[Stored items]
-=-=-=-=-

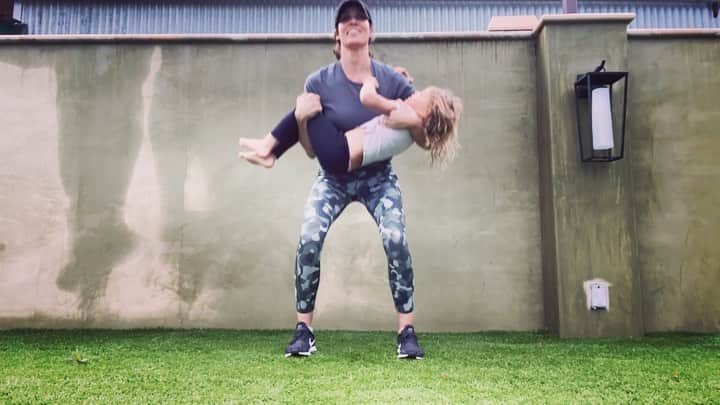 ダニエラ・ルーアのインスタグラム：「Just a few of the exercises from today’s home workout! Started with a 5k stationary bike and then ran 1mile at the end. Thank you for the suggestions! Keep them coming💪🏼 How is everyone staying healthy from home? . Apenas alguns dos exercícios feitos em casa hoje! 5km de bicicleta para aquecer e 1.6km a correr no fim. Obrigada pelas sugestões! Que venham mais 💪🏼 Como é que estão todos a manter a saúde a partir de casa? . #homeworkout #stayingstrong #familytime #exercise #workout #wod #run #bike #core #legs #kids 🎵 “Storm” by @surieofficial」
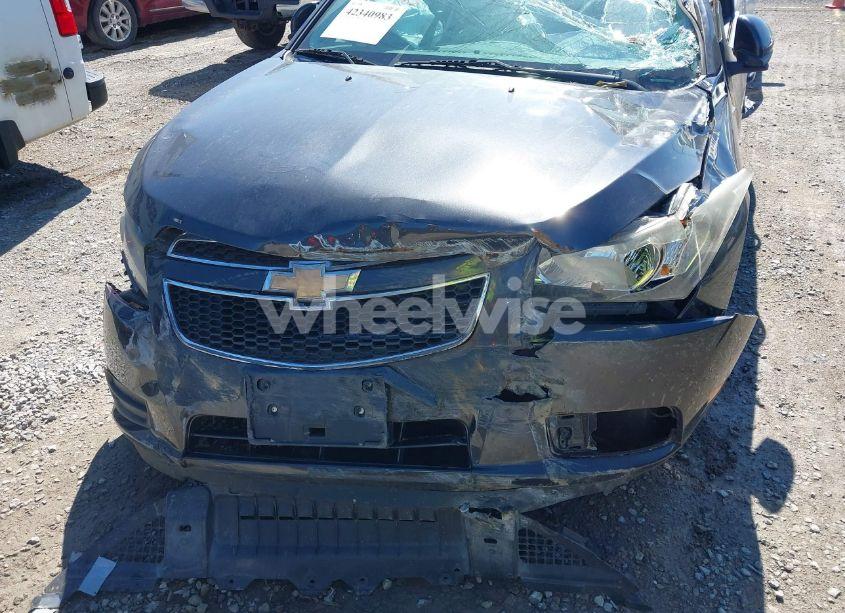 Photo 6 of 2014 Chevrolet Cruze 1LT AUTO (VIN 1G1PC5SB3E7261793)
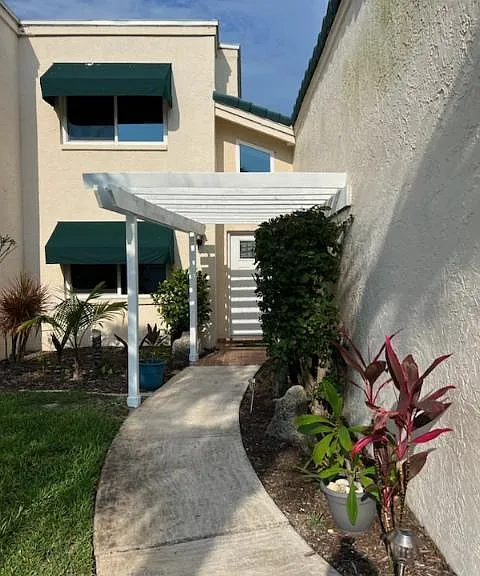 39 Emerald Ct — Photo 1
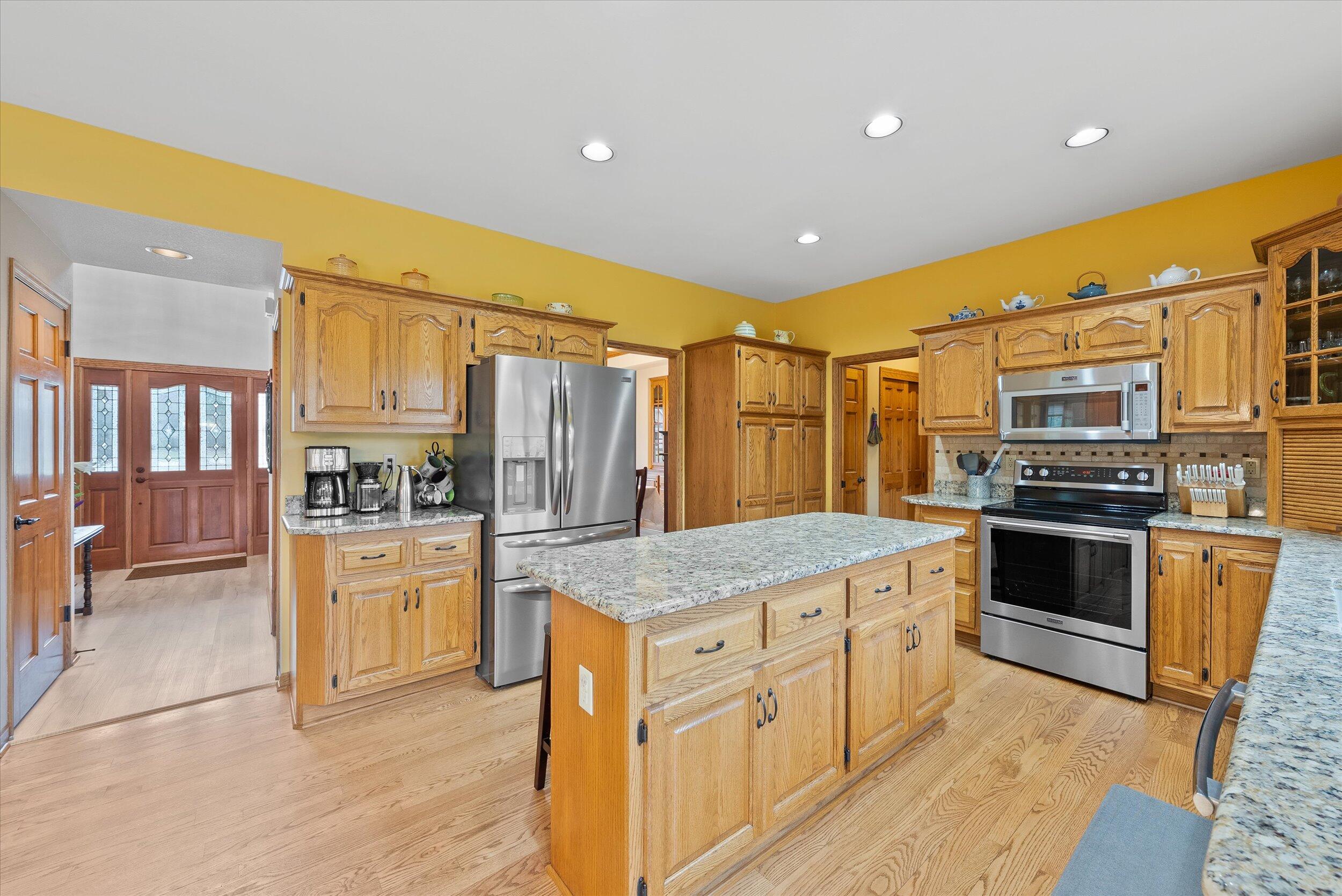 1360 Dove Ln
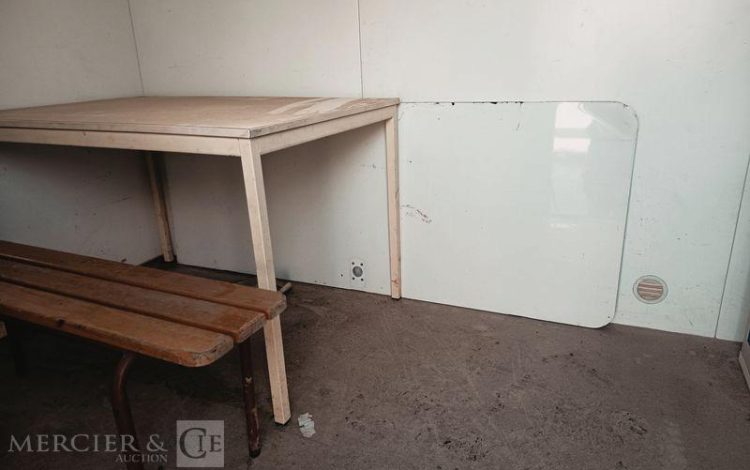 CNSE ABRI CHANTIER 9M2 ISOLE + WC  DY-151-BZ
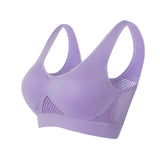 Women's Seamless Sports Bra — Padded & Breathable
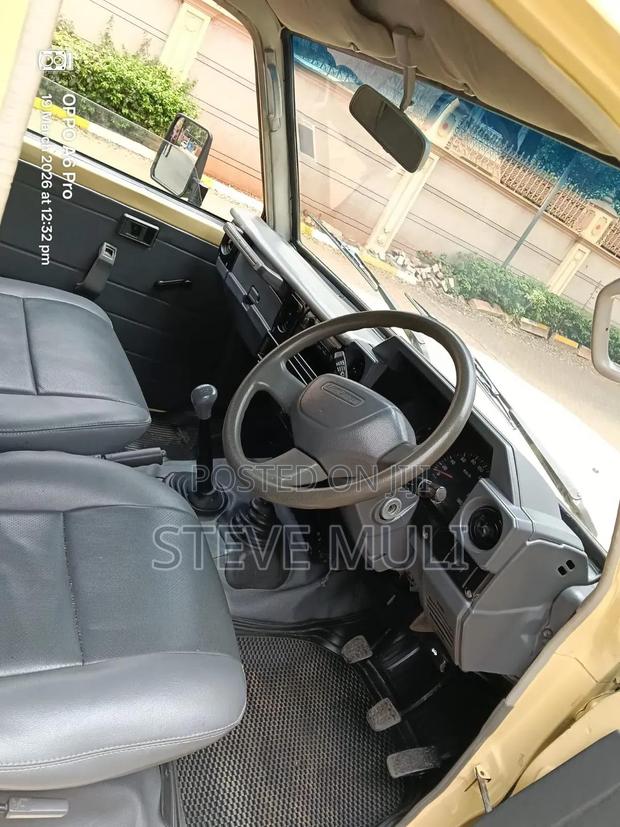 Toyota Land Cruiser 2008 Gold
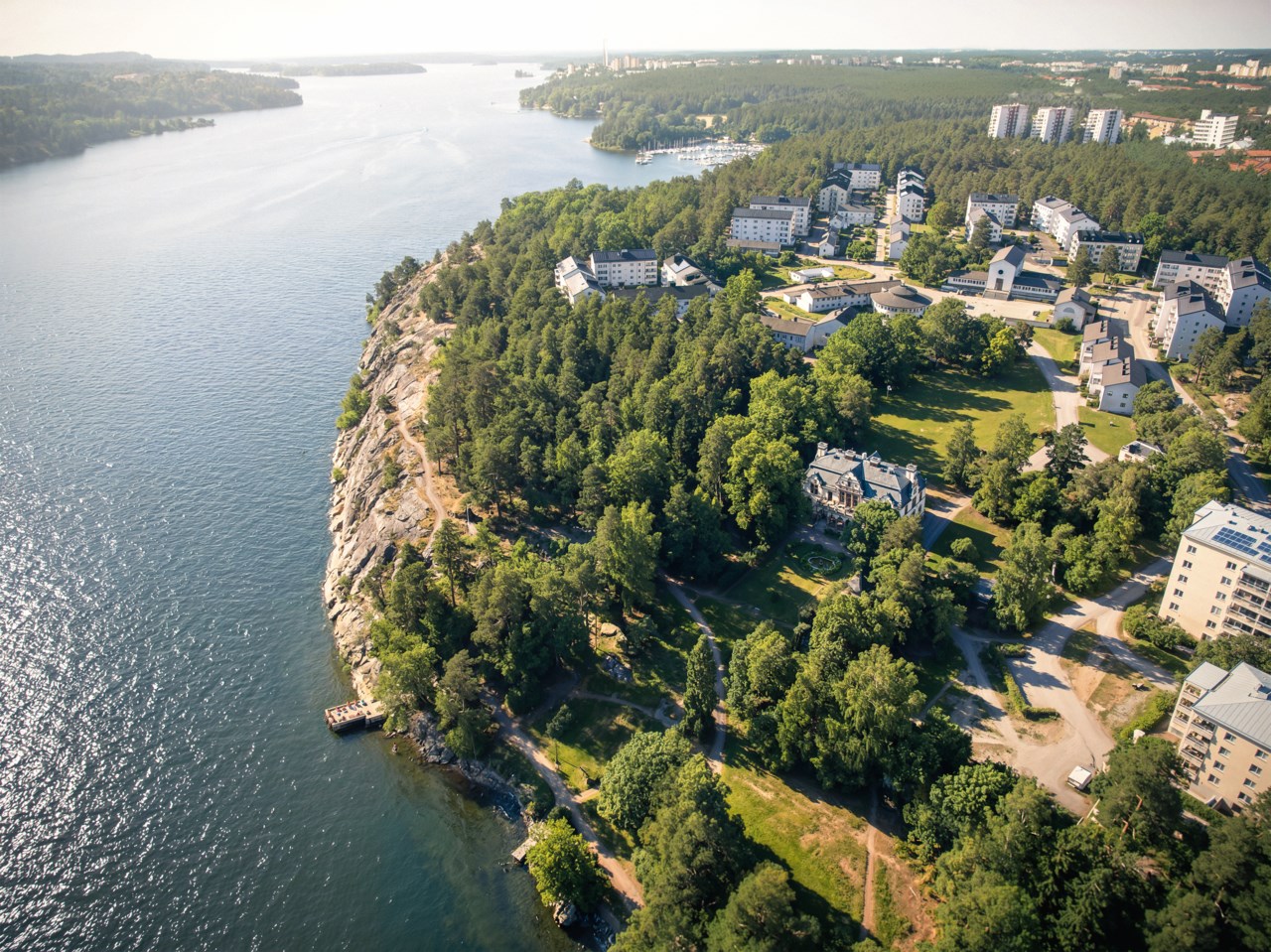 Bild 2 från Svenska Mäklarhuset
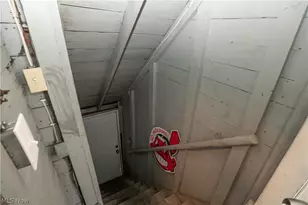 557 W Hopocan Ave, Barberton, OH 44203 - Photo 14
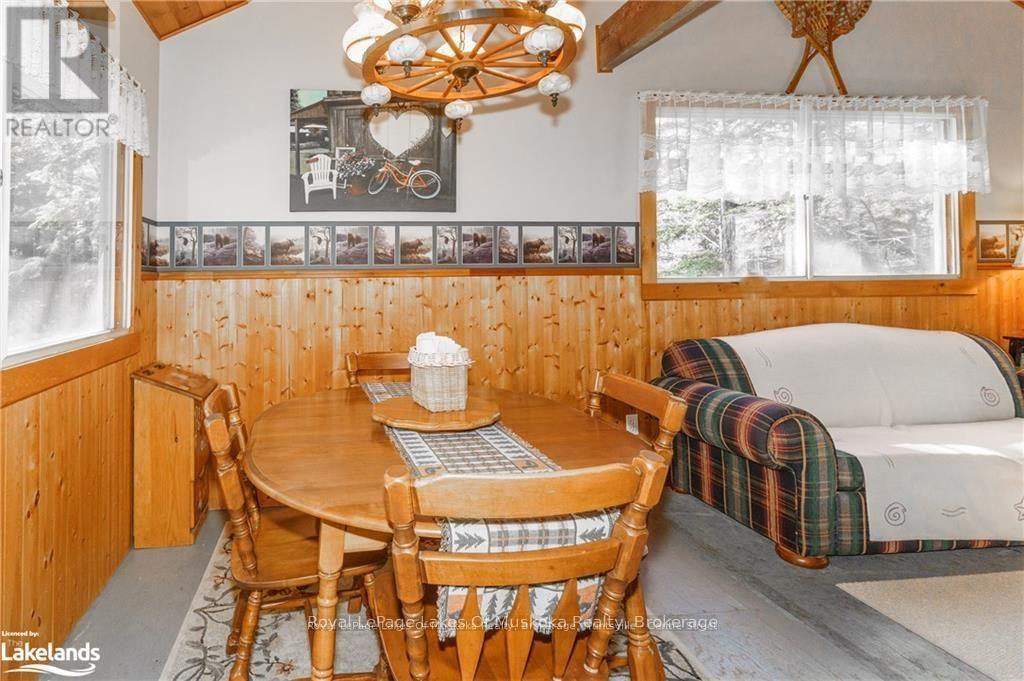 Photo 11 of 32 Maple Leaf Drive, Huntsville ON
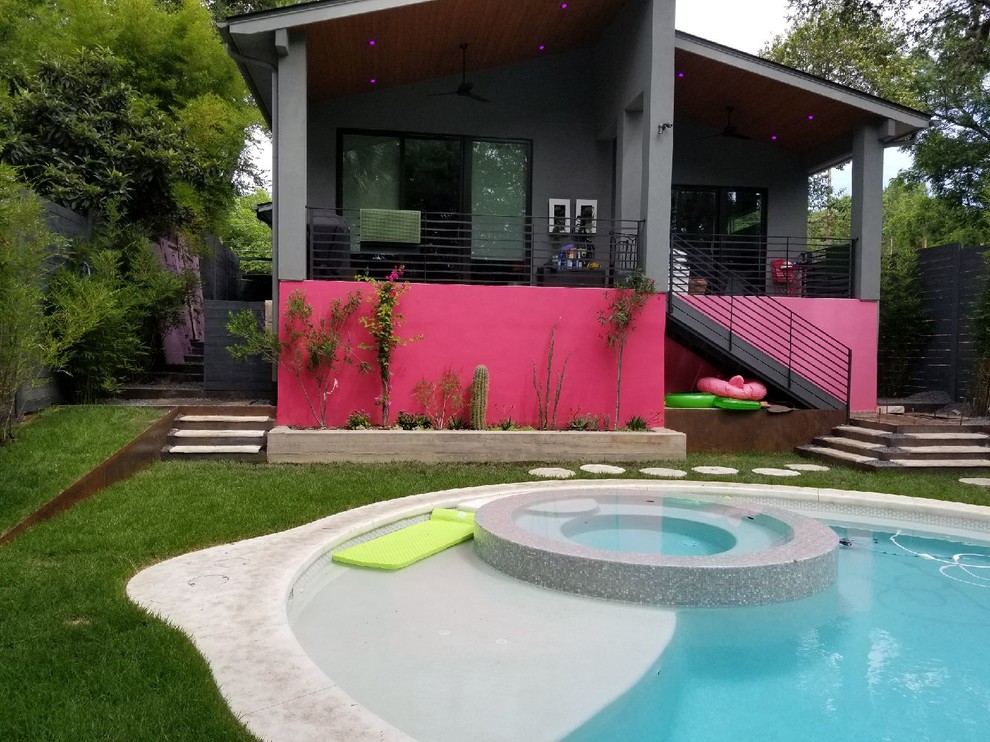 Circle Pool, Pink Wall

-=-=-=-=-

TASK DIRECTIONS:
With the pictures left out, copy exactly the lines from the line holding "39 Emerald Ct — Photo 1" through the final line of the records, including both.

RESPONSE:
 39 Emerald Ct — Photo 1
 1360 Dove Ln
 CNSE ABRI CHANTIER 9M2 ISOLE + WC  DY-151-BZ
 Women's Seamless Sports Bra — Padded & Breathable
 Toyota Land Cruiser 2008 Gold
 Bild 2 från Svenska Mäklarhuset
 557 W Hopocan Ave, Barberton, OH 44203 - Photo 14
 Photo 11 of 32 Maple Leaf Drive, Huntsville ON
 Circle Pool, Pink Wall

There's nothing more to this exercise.